_Task requirements_. Below are records; quote them exactly from the first line through the line that contains "A modern poolside".
########
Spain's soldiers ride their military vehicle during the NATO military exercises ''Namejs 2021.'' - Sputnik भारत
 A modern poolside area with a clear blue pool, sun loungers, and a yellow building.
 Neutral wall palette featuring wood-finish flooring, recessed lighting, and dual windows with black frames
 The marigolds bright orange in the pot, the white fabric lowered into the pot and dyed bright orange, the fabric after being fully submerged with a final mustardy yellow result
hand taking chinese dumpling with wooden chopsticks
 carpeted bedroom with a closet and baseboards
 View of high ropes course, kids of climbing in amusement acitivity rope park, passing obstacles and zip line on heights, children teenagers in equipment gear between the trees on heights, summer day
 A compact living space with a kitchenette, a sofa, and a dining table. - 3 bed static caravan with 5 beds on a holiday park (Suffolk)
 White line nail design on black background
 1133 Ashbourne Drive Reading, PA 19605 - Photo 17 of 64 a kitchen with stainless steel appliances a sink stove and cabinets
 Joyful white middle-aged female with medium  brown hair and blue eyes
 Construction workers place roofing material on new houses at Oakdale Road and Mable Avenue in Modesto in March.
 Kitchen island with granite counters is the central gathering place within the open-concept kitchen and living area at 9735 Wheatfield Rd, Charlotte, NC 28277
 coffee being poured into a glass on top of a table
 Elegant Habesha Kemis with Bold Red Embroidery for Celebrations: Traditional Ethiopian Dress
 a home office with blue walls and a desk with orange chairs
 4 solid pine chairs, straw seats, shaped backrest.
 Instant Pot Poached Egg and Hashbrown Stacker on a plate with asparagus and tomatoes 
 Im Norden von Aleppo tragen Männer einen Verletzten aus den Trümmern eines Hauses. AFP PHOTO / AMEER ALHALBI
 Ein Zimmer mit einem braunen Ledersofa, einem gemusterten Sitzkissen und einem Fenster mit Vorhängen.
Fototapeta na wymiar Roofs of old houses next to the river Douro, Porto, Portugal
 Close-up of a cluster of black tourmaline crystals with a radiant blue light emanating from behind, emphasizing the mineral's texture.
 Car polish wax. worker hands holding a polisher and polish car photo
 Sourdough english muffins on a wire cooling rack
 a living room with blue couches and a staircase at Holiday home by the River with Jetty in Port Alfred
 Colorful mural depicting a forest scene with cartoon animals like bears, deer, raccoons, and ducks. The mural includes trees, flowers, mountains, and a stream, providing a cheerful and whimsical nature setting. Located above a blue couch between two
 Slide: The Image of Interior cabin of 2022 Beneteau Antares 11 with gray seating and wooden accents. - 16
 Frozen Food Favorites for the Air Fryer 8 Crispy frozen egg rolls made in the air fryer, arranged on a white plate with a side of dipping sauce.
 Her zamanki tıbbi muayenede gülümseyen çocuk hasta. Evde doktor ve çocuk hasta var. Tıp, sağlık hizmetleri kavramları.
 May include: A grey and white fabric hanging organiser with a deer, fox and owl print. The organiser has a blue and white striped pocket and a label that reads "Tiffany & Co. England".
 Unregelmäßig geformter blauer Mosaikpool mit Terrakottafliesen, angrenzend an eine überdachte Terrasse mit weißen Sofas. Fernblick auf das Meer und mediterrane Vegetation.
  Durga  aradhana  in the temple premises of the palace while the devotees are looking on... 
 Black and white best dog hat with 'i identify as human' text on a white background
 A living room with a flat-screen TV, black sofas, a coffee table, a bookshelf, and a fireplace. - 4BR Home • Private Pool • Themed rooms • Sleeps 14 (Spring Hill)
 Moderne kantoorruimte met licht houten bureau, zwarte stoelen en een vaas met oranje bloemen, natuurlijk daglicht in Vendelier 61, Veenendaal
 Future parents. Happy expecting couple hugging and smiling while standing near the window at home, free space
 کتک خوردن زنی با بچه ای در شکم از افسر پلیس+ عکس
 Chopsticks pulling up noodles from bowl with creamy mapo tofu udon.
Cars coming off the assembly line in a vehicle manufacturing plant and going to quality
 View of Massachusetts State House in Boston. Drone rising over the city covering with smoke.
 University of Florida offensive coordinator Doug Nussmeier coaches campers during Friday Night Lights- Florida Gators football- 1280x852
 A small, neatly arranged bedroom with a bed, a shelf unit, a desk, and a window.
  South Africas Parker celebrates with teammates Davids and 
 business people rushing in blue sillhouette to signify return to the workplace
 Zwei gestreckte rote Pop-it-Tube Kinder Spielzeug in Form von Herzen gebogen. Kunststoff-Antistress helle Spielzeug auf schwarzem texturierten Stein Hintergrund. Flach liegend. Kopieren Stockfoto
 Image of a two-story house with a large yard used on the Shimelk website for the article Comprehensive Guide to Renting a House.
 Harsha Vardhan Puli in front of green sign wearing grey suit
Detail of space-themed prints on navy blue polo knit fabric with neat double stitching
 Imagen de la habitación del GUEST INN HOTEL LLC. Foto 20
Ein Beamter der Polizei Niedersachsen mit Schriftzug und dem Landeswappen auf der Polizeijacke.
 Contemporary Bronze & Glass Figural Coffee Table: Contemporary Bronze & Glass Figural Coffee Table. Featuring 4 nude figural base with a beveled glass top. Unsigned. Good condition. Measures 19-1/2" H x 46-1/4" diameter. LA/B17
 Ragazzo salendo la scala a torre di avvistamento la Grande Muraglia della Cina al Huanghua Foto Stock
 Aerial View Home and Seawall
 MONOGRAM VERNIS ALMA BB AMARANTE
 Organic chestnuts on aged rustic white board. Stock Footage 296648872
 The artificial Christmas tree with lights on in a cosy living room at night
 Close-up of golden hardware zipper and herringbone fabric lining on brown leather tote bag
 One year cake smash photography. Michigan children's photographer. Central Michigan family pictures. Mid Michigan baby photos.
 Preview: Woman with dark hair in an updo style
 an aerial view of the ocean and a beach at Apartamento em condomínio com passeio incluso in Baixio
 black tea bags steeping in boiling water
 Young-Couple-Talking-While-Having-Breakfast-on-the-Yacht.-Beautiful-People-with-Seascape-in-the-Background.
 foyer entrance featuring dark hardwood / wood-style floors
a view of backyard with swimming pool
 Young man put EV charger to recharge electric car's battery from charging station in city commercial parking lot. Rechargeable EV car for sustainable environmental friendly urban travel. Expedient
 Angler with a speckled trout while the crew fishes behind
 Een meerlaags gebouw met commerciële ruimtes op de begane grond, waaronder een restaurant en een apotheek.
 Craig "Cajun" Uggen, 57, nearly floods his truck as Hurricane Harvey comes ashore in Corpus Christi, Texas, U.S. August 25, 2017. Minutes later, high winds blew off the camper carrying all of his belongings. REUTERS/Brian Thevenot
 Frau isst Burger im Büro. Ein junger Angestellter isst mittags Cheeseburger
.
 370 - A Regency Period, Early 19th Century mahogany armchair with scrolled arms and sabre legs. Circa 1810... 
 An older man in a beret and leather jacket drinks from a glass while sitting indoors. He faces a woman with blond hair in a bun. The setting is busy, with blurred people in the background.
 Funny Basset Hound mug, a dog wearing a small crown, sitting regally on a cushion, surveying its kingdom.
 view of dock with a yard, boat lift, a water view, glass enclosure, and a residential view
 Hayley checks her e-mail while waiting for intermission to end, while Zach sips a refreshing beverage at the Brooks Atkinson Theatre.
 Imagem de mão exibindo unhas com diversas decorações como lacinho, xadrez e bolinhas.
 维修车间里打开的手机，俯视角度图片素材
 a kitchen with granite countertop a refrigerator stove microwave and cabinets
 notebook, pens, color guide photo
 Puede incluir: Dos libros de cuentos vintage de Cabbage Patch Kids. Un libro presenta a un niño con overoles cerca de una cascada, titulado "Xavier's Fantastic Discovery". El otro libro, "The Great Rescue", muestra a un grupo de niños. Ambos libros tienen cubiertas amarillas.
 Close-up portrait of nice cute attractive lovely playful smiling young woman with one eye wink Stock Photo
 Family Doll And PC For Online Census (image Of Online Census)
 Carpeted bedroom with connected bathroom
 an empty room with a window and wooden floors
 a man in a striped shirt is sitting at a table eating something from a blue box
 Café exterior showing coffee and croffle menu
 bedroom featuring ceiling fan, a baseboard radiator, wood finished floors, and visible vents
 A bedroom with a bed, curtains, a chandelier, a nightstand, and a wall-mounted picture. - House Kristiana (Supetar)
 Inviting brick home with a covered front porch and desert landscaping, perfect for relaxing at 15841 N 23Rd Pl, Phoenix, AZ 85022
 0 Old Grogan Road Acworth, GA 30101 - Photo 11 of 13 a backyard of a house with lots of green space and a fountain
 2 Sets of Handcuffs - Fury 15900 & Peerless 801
########
_Answer for this exercise_.
Spain's soldiers ride their military vehicle during the NATO military exercises ''Namejs 2021.'' - Sputnik भारत
 A modern poolside area with a clear blue pool, sun loungers, and a yellow building.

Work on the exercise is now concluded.